You probably have to reboot. This post is a great discussion about the real-world difficulties of patching. The message is that restarting services may not be enough -- you may need to reboot.

You can run a quick script to check for vulnerability. In the advisory, and described here, there is a quick program you can run to check if the dynamic glibc library is vulnerable. It's probably something good to add to a regression suite. Over time, you'll be re-deploying old VM images, for example, that will still be vulnerable. Therefore, you'll need to keep re-checking for this bug over and over again.

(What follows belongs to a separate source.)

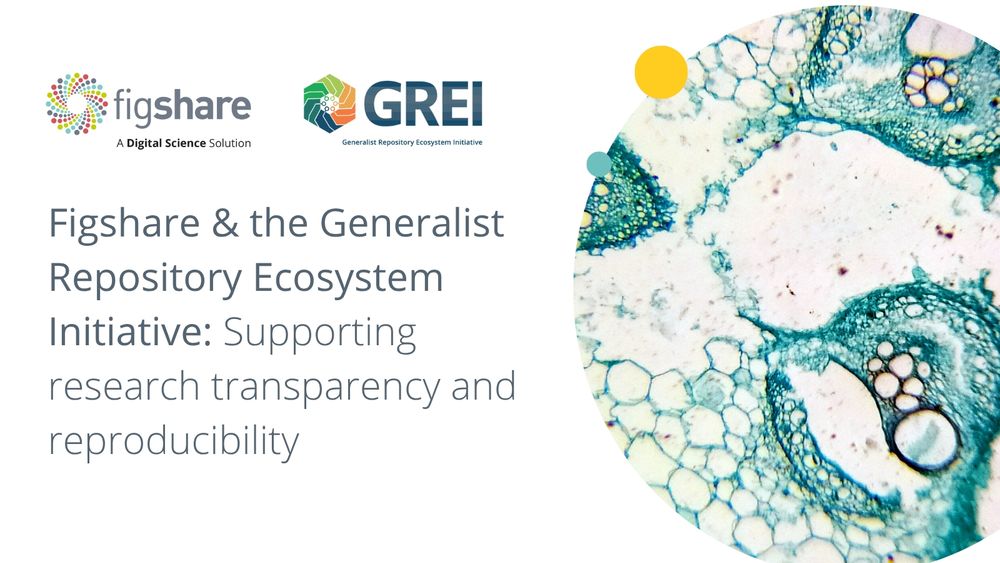 Promotional graphic for Figshare blog. Has the Figshare logo and the GREI logo, alongside an image of cells under a microscope with blog title: Figshare & the Generalist Repository Ecosystem Initiative: Supporting research transparency and reproducibility.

It's a Vulnerability-of-Things. A year after Heartbleed, over 200,000 web servers are still vulnerable to it. That's because they aren't traditional web-servers, but web interfaces built into devices and appliances -- "things". In the Internet-of-Things (IoT), things tend not to be patched, and will remain vulnerable for years.

This bug doesn't bypass ASLR or NX. Qualys was able to exploit this bug in Exim, despite ASLR and NX. This is a property of Exim, not GHOST. Somewhere in Exim is the ability to run an arbitrary command-line string. That's the code being executed, not native x86 code that you'd expect from the typical buffer-overflow, so NX bit doesn't apply. This vuln reaches the strings Exim produces in response, so the hacker can find where the "run" command is, thus defeating ASLR.

Some pages worth bookmarking:
http://chargen.matasano.com/chargen/2015/1/27/vulnerability-overview-ghost-cve-2015-0235.html
I'll more eventually here as I come across them.

Tuesday, January 27, 2015

You shouldn't be using gethostbyname() anyway

Today's GHOST vulnerability is in gethostbyname(), a Sockets API function from the early 1980s. That function has been obsolete for a decade. What you should be using is getaddrinfo() instead, a newer function that can also handle IPv6.

The great thing about getaddrinfo() is the fact that it allows writing code that is agnostic to the IP version. You can see an example of this in my heartleech.c program.

x = getaddrinfo(hostname, port, 0, &addr);
fd = socket(addr->ai_family, SOCK_STREAM, 0);
x = connect(fd, addr->ai_addr, (int)addr->ai_addrlen);

What you see here is your normal call to socket() and connect() just use the address family returned by getaddrinfo(). It doesn't care if that is IPv4, IPv6, or IPv7.

The function actually returns a list of addresses, which may contain a mixture of IPv4 and IPv6 addresses. An example is when you lookup www.google.com:

[ ] resolving "www.google.com"
[+]  74.125.196.105:443
[+]  74.125.196.147:443
[+]  74.125.196.99:443
[+]  74.125.196.104:443
[+]  74.125.196.106:443
[+]  74.125.196.103:443
[+]  [2607:f8b0:4002:801::1014]:443

My sample code just chooses the first one in the list, whichever is returned by the DNS server. Sometimes Google returns an IPv6 address as the first one. If you prefer a specific version, you can search through the list as demonstrated below:

while (addr && args->ip_ver == 4 && addr->ai_family != AF_INET)
addr = addr->ai_next;

Or, instead of searching the results yourself for an IPv4 or IPv6 address, you can use the third parameter to specify which one you want.

This function has been a POSIX standard for more than a decade. The above code works on WinXP as well as fairly old versions of Linux and Mac OS X. Even if your code is aggressively portable, there is little reason not to use this function. Only in insanely portable code, such as when you worry about 16-bit pointers, should have to worry about backing off to gethostbyname(). Conversely, gethostbyname() is no longer part of POSIX, and thus officially no longer "standard".

If you learn Sockets programming at the university, they still teach gethostbyname(). That's because as far as Internet programming is concerned, academia is decades out of date.